When you click the download link below the map you're currently viewing, you'll start downloading a 3D image corresponding to the map you currently have loaded. The downloaded images are in NIFTI format, and the files are gzipped to conserve space. All major neuroimaging software packages should be able to read these images in without any problems. The images are all nominally in MNI152 2mm space (the default space in SPM and FSL), though there's a bit more to it than that, because technically we don't account very well for stereotactic differences between studies in the underlying database (we convert Talairach to MNI, but it's imperfect, and we don't account for more subtle differences between, e.g., FSL and SPM templates). For a more detailed explanation, see the paper.
Note that the downloaded images are not dynamically adjusted to reflect the viewing options you currently have set in your browser. For instance, if you've adjusted the settings to only display negative activations at a threshold of z = -7 or lower, clicking the download link won't give you an image with only extremely strong negative activations--it'll give you the original (FDR-corrected) image. Of course, you can easily recreate what you're seeing in your browser by adjusting the thresholds correspondingly in your off-line viewer.
- uniformity test map: z-scores from a one-way ANOVA testing whether the proportion of studies that report activation at a given voxel differs from the rate that would be expected if activations were uniformly distributed throughout gray matter.
- association test map: z-scores from a two-way ANOVA testing for the presence of a non-zero association between term use and voxel activation.
Long answer: The uniformity test and association test maps are statistical inference maps; they display z-scores for two different kinds of analyses. The uniformity test map can be interpreted in roughly the same way as most standard whole-brain fMRI analysis: it displays the degree to which each voxel is consistently activated in studies that use a given term. For instance, the fact that the uniformity test map for the term 'emotion' displays high z-scores in the amygdala implies that studies that use the word emotion a lot tend to consistently report activation in the amygdala--at least, more consistently than one would expect if activation were uniformly distributed throughout gray matter.

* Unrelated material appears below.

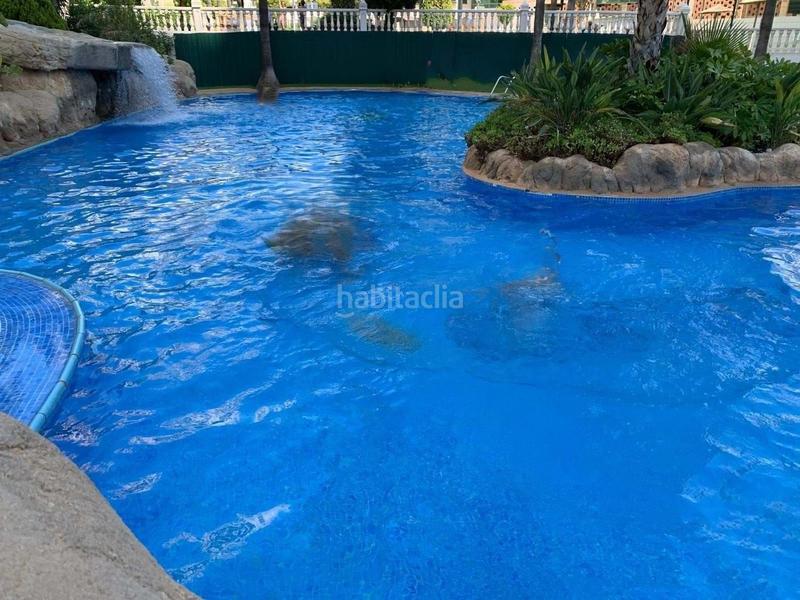 Foto 6e9fd9a5-4d2e-40f1-9547-9cff9fef379b. Piccolo appartamento con riscaldamento piscina in Vila Joiosa (la)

Note that, unlike most meta-analysis packages (e.g., ALE or MKDA), z-scores aren't generated through permutation, but using a chi-square test. (We use the chi-square test solely for pragmatic reasons: we generate thousands of maps at a time, so it's not computationally feasible to run thousands of permutations for each one.)
The association test maps provides somewhat different (and, in our view, typically more useful) information. Whereas the uniformity test maps tell you about the consistency of activation for a given term, the association test maps tell you whether activation in a region occurs more consistently for studies that mention the current term than for studies that don't. So for instance, the fact that the amygdala shows a large positive z-score in the association test map for emotion implies that studies whose abstracts include the word 'emotion' are more likely to report amygdala activation than studies whose abstracts don't include the word 'emotion'. That's important, because it controls for base rate differences between regions. Meaning, some regions (e.g., dorsal medial frontal cortex and lateral PFC) play a very broad role in cognition, and hence tend to be consistently activated for many different terms, despite lacking selectivity. The association test maps let you make slightly more confident claims that a given region is involved in a particular process, and isn't involved in just about every task.